References to a Code section shall be deemed to be to that section as it now
exists and to any successor provision.
1.1.3 "Compensation" means the total annual base salary payable to
the Executive.
1.1.4 "Distribution Date" means January 1, 2001.
1.1.5 "Election Form" means the Form attached as Exhibit 1.
ARTICLE 2
DEFERRAL ELECTION
2.1 INITIAL ELECTION. The Executive shall make an initial deferral
election under this Agreement by filing with the Company a signed Election Form
within 30 days after the date of this
1
Agreement. The Election Form shall set forth the amount of Compensation to be
deferred. The Election Form shall be effective to defer only Compensation
earned after the date the Election Form is received by the Company. No
Compensation shall be deferred after a Change in Control or the Distribution
Date.
2.2 ELECTION CHANGES.
2.2.1 GENERALLY. The Executive may modify the amount of Compensation
to be deferred by filing a subsequent signed Election Form with the Company.
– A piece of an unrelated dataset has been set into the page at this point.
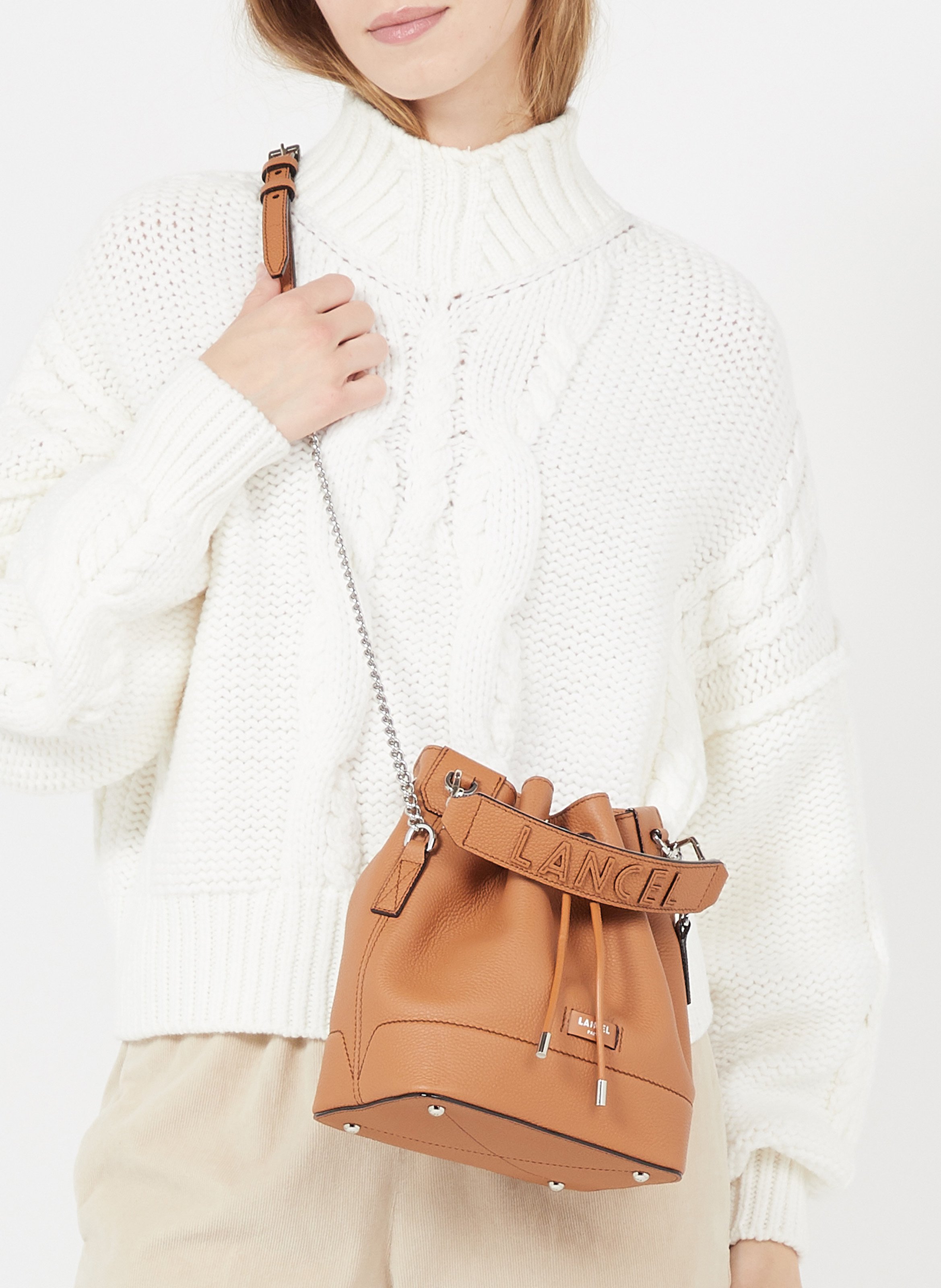 Beuteltasche aus genarbtem Leder LANCEL Beige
The modified deferral shall not be effective until the calendar year following
the year in which the subsequent Election Form is received by the Company. The
Executive may not change the form of benefit payment initially elected under
Section 2.1.
2.2.2 HARDSHIP. If an unforeseeable financial emergency arising from
the death of a family member, divorce, sickness, injury, catastrophe or similar
event outside the control of the Executive occurs, the Executive may, by written
instructions to the Company, reduce future deferrals under this Agreement.
ARTICLE 3
DEFERRAL ACCOUNT
3.1 ESTABLISHING AND CREDITING. The Company shall establish a Deferral
Account on its books for the Executive, and shall credit to the Deferral Account
the following amounts:
3.1.1 DEFERRALS. The Compensation deferred by the Executive, as of
the time such amounts would have otherwise been paid to the Executive.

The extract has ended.